The imagE-imAge series consists of linked pairs of related but contrasting compositions for solo instruments. The imagE half of each pair is lyrical—Reynolds characterizes these pieces as “evocative,” hence the upper-case “E”—while the imAge pieces, which Reynolds describes as “articulate,” are instead made up of distinct sections of heterogeneous sounds and musical gestures. With each pair, Reynolds is able to bring out seemingly opposed but in fact complementary aspects of each instrument’s expressive and technical potential.

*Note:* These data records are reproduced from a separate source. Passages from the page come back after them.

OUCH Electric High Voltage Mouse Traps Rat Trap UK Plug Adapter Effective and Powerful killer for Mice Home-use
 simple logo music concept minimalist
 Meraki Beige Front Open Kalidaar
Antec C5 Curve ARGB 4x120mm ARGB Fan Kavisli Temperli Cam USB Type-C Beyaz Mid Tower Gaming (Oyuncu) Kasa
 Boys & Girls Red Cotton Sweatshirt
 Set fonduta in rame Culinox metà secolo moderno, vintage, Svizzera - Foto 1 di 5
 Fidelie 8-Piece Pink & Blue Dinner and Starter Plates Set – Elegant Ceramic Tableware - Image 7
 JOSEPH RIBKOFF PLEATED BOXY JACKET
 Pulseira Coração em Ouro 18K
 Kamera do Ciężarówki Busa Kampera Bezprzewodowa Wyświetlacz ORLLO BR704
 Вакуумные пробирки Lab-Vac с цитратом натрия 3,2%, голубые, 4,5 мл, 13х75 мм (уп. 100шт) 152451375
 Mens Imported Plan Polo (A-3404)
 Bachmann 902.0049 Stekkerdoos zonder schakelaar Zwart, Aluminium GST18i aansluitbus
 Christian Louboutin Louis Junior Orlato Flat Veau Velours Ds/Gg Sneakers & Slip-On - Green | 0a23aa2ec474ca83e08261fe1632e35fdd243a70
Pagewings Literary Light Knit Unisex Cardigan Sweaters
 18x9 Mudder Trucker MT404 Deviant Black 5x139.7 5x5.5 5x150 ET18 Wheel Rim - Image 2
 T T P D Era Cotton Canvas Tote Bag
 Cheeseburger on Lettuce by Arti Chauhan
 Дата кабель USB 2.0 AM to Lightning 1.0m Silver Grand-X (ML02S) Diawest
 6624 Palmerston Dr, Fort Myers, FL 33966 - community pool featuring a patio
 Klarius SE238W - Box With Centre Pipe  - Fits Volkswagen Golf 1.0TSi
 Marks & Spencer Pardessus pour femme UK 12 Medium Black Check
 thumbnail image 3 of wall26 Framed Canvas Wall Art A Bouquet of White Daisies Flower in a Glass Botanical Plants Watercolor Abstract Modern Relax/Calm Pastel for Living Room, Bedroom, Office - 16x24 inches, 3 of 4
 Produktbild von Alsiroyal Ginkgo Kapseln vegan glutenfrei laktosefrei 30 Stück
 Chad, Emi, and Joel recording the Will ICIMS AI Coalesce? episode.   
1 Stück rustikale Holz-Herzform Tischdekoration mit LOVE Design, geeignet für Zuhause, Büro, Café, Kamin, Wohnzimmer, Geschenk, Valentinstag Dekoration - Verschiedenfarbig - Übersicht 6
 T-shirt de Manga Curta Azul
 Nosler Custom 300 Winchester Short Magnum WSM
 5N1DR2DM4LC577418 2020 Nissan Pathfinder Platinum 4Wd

The imAge compositions are marked on the surface by moments of disjunction and musical parataxis, often embodied in staccato dissonances and dramatic leaps of register. The imAges for piano (played by Yuki Takahashi) and guitar (Pablo Gómez) feature abruptly sounded, tension-filled chords at extreme ranges, broken in the piano’s case by repeated patterns of chromatic tones. The imAge for viola, played by Mark Menzies, casts these basic tropes for bowed strings, exploiting string techniques such as tremolo bowing and brief, rapid runs played in one bow. For the other two string instruments represented here the approach is different. The imAge for cello explores variations in color as cellist Alexis Descharmes mixes pizzicato with conventional and spiccato bowing, underscored by dramatic dynamic contrasts. Double bassist Mark Dresser performs the imAge that Reynolds wrote specifically for him; the highly percussive piece reflects Dresser’s rich engagement with harmonics, which here are plucked and struck.
The contrast between this and the imagE for double bass is perhaps the greatest of any of the pairs. Played entirely arco, the harmonics and melody lines, many of which are made up of minor seconds separated by register, flow smoothly, creating a sense of continuity despite the gaps between the notes. Like imagE for double bass, the other imagE pieces tend to be highly chromatic and, like their imAge counterparts, range across extremes of register. The sense of continuity and lyrical flow is often imparted by expressive dynamics, as in imagE for viola (played by John Pickford Richards), or the alternating of long lines and fluid, rapid passages, as in the pieces for cello and for flute (Rachel Beetz). For guitar and piano (Eric Huebner plays this latter), Reynolds unravels harmonies into arpeggios and other horizontal lines.